PROBLEM STATEMENT:
All lines from the one that contains "Floral V-Neck Puff Sleeve Dress" to the end of the data must be retyped exactly. Pictures are not retyped.

DATASET CONTENT START

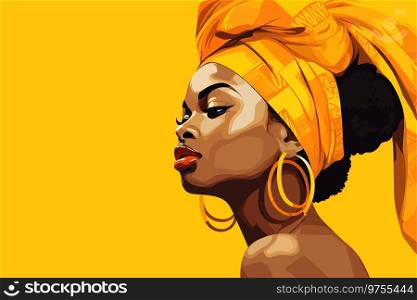 Beautiful africanwoman on yellow background. Ethnic. Vector illustration design.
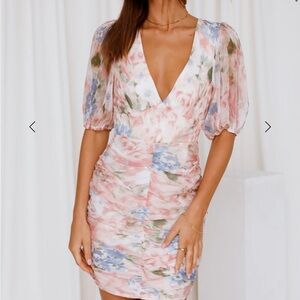 Floral V-Neck Puff Sleeve Dress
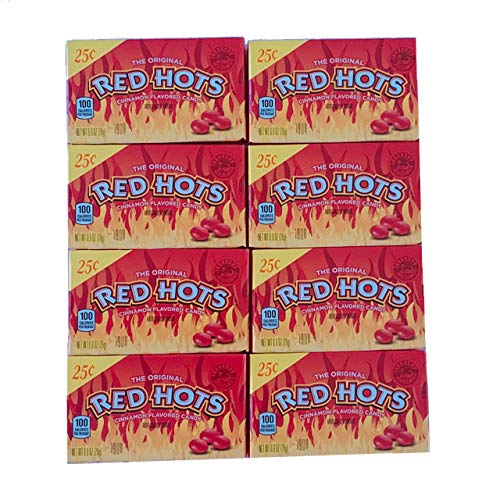 Red Hots Original Candy | Cinnamon Flavored Candy | Cinnamon Red Hots | .9oz Boxes | Pack of 8 Boxes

DATASET CONTENT END

ANSWER TO THE PROBLEM:
 Floral V-Neck Puff Sleeve Dress
 Red Hots Original Candy | Cinnamon Flavored Candy | Cinnamon Red Hots | .9oz Boxes | Pack of 8 Boxes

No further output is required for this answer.